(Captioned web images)

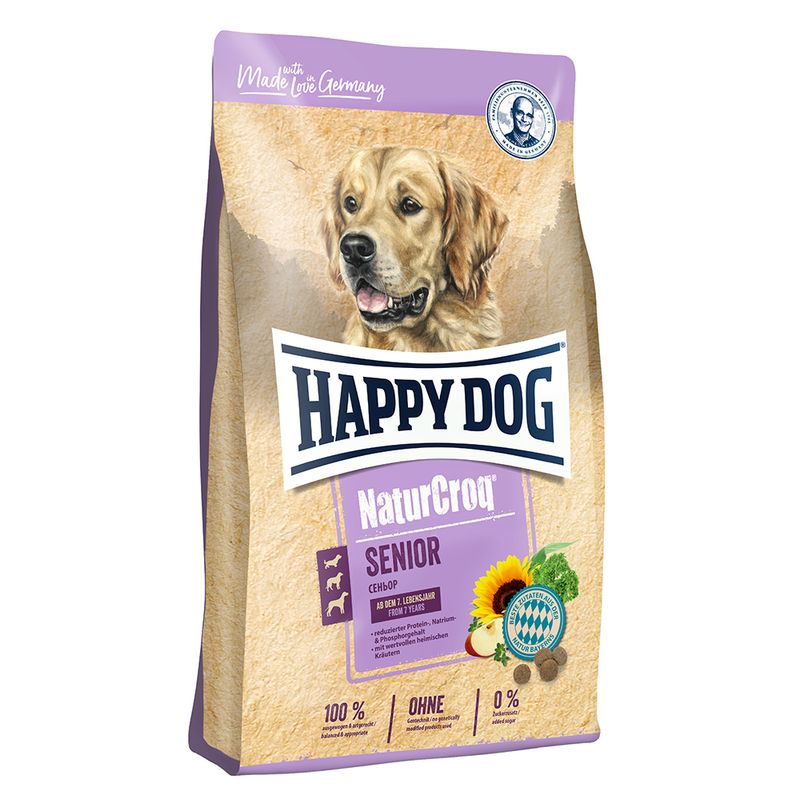 Bitiba Fai scorta 2 x Happy Dog NaturCroq Offerte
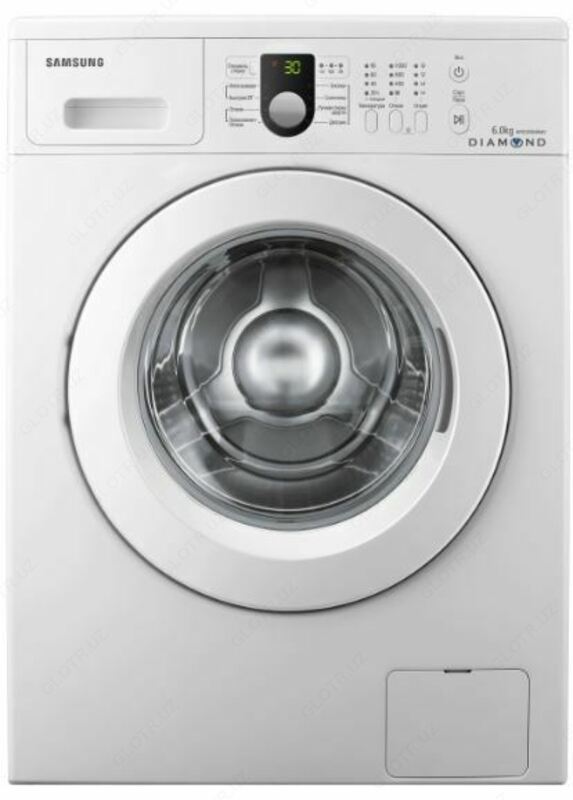 Стиральная машина Samsung WF8590NMW9/YLP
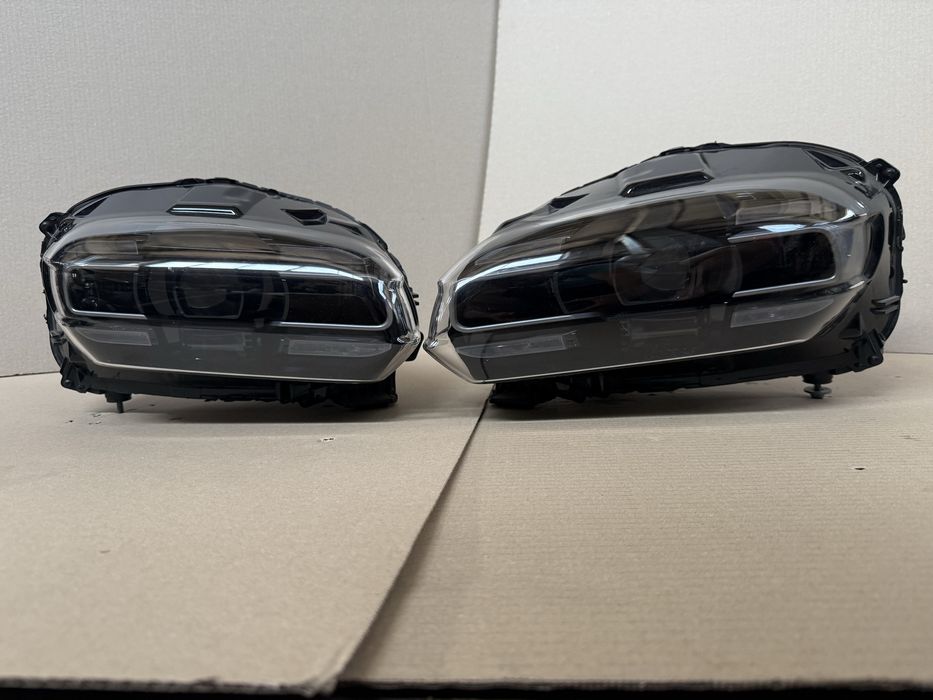 Фари передні Porsche taycan full led і matrix USA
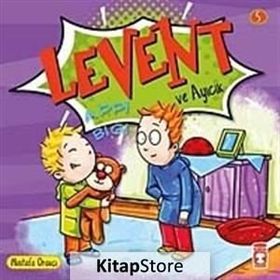 LEVENT VE AYICIK - MUSTAFA ORAKÇI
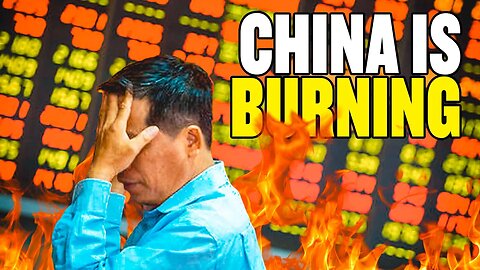 Japan's Recession Was Bad. China's Will Be So Much Worse. China Uncensored 11-1-2023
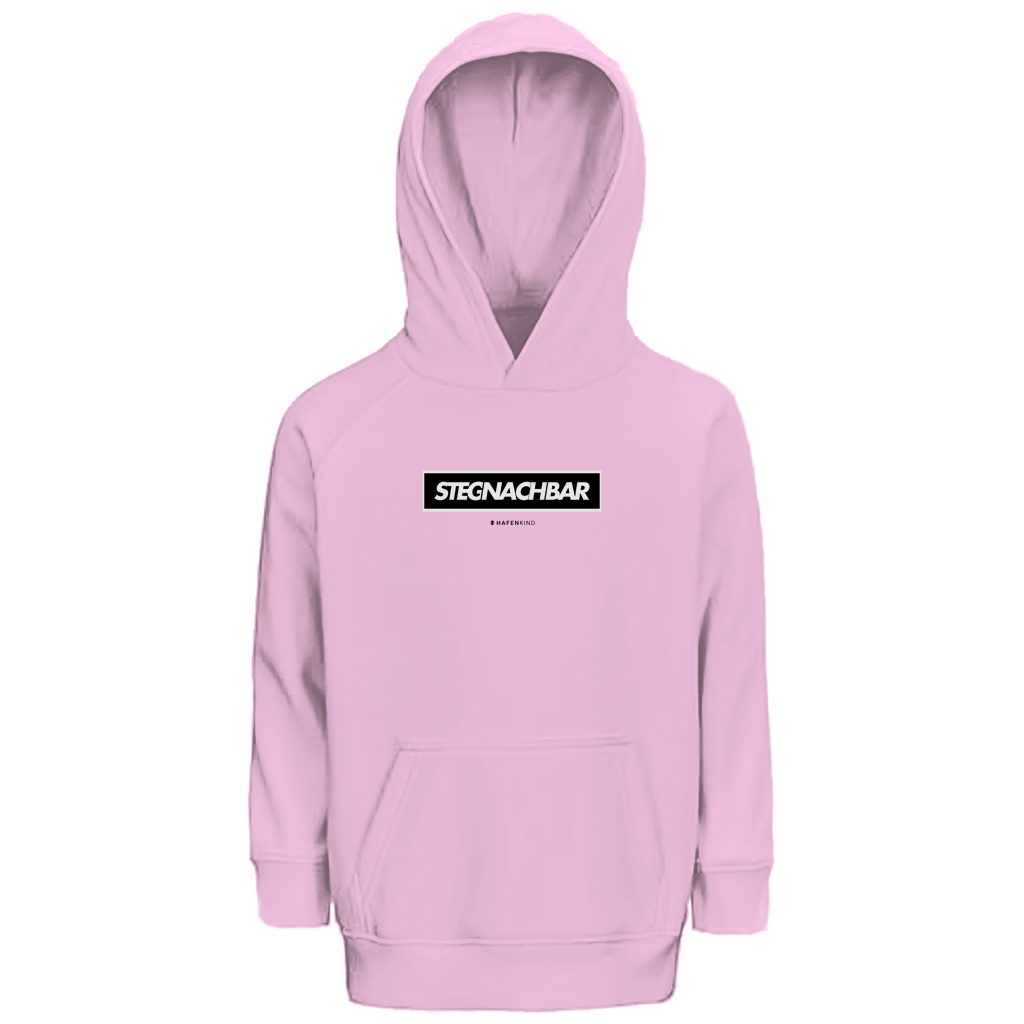 STEGNACHBAR - Premium Bio Hoodie Kids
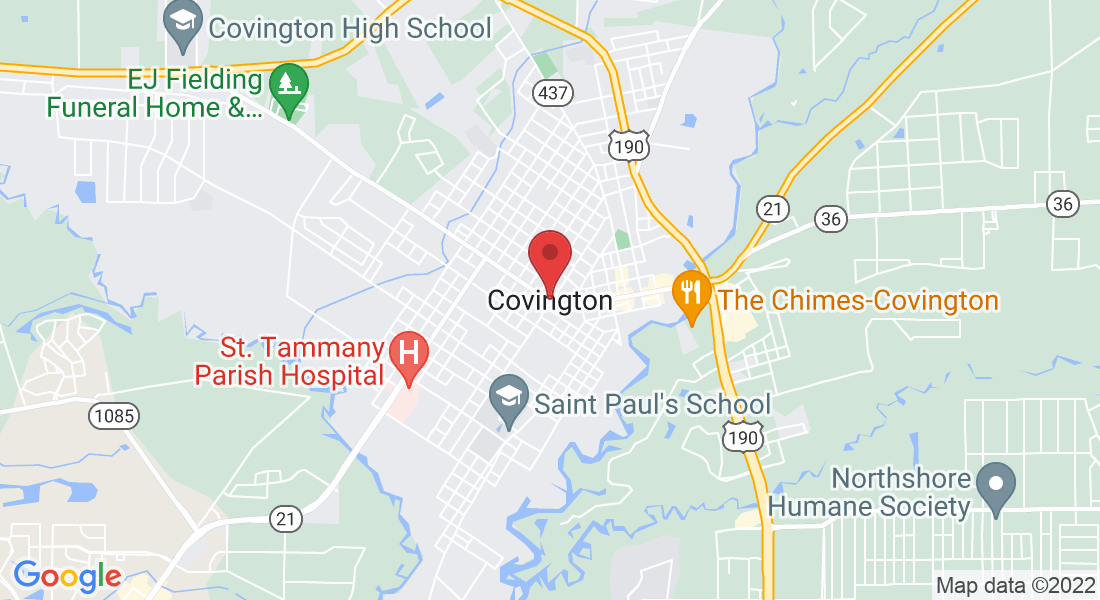 Covington, LA, USA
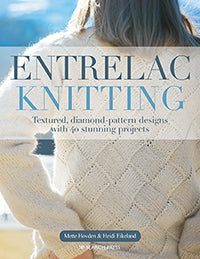 Entrelac Knitting by Mette Hovden & Heidi Eikeland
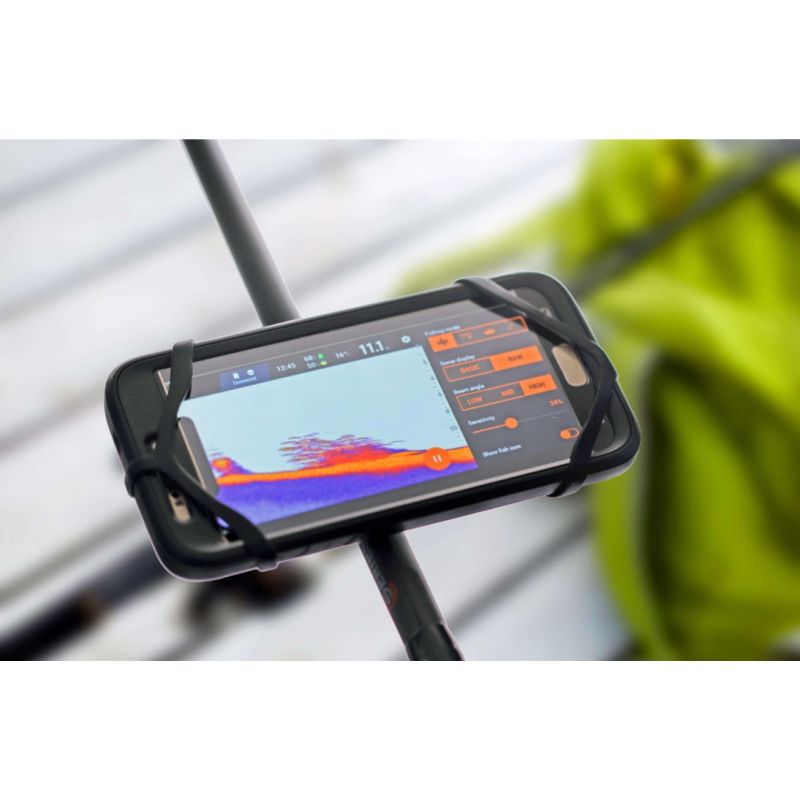 Deeper Smartphone Mount Łowiectwo i wędkarstwo/Sonary i echosondy - akcesoria Your Sports Performance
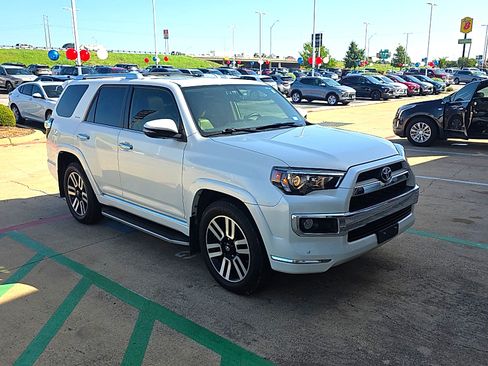 Used 2019 Toyota 4Runner Limited RWD image 15
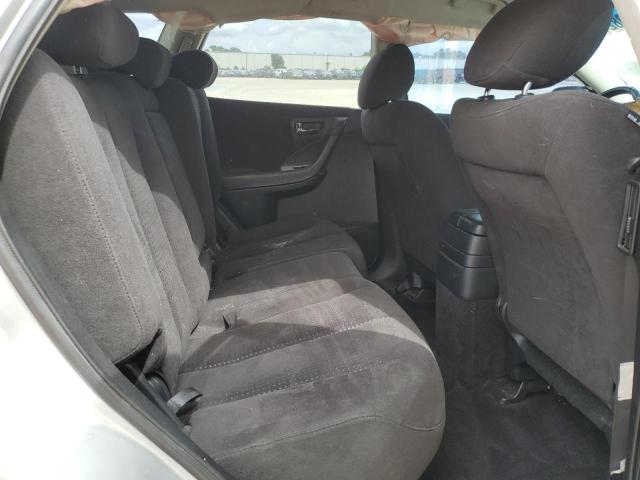 2006 Nissan Murano Sl VIN: JN8AZ08W16W503260 Lot: 52803824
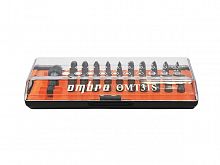 omt131s набор универсальный ombra131 предметголовки 4-32 мм 1/4, 3/8, 1/2 , купить metabo, купить husqvarna, купить bosch, купить makita, купить hitachi, купить hikoki, купить oregon, купить stihl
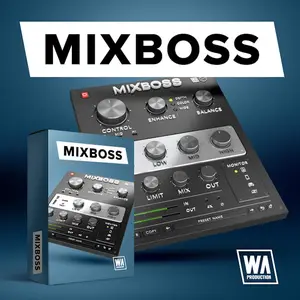 W.A Production Mixboss v1.0.0
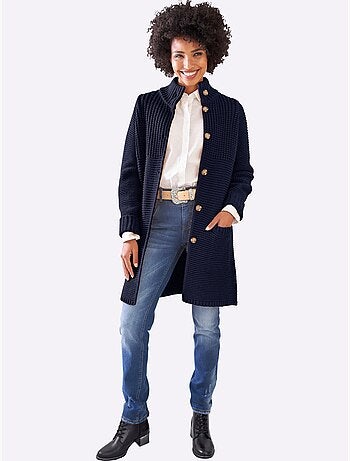 Gilet 15% Laine - Taille Standard - helline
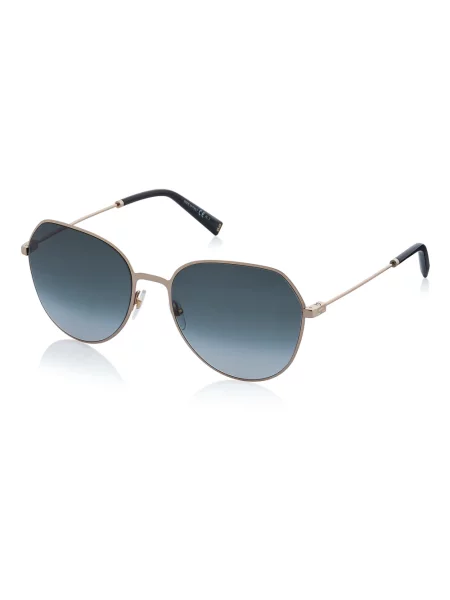 Okulary przeciwsłoneczne Givenchy żółte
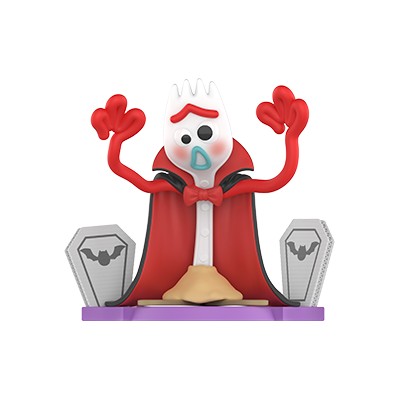 Forky the Vampire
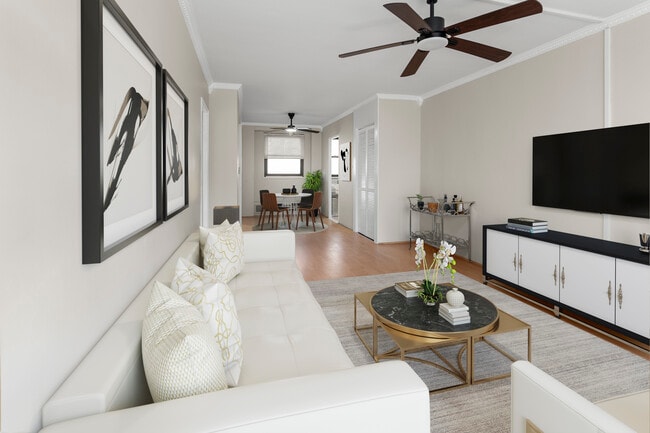 Building Photo - Park City Estates 1 Unit 3M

Exercise:
Here the job is to retype exactly the lines that start at the one containing "Okulary przeciwsłoneczne Givenchy żółte" and run through the end of the records above, leaving out pictures.

Task answer:
 Okulary przeciwsłoneczne Givenchy żółte
 Forky the Vampire
 Building Photo - Park City Estates 1 Unit 3M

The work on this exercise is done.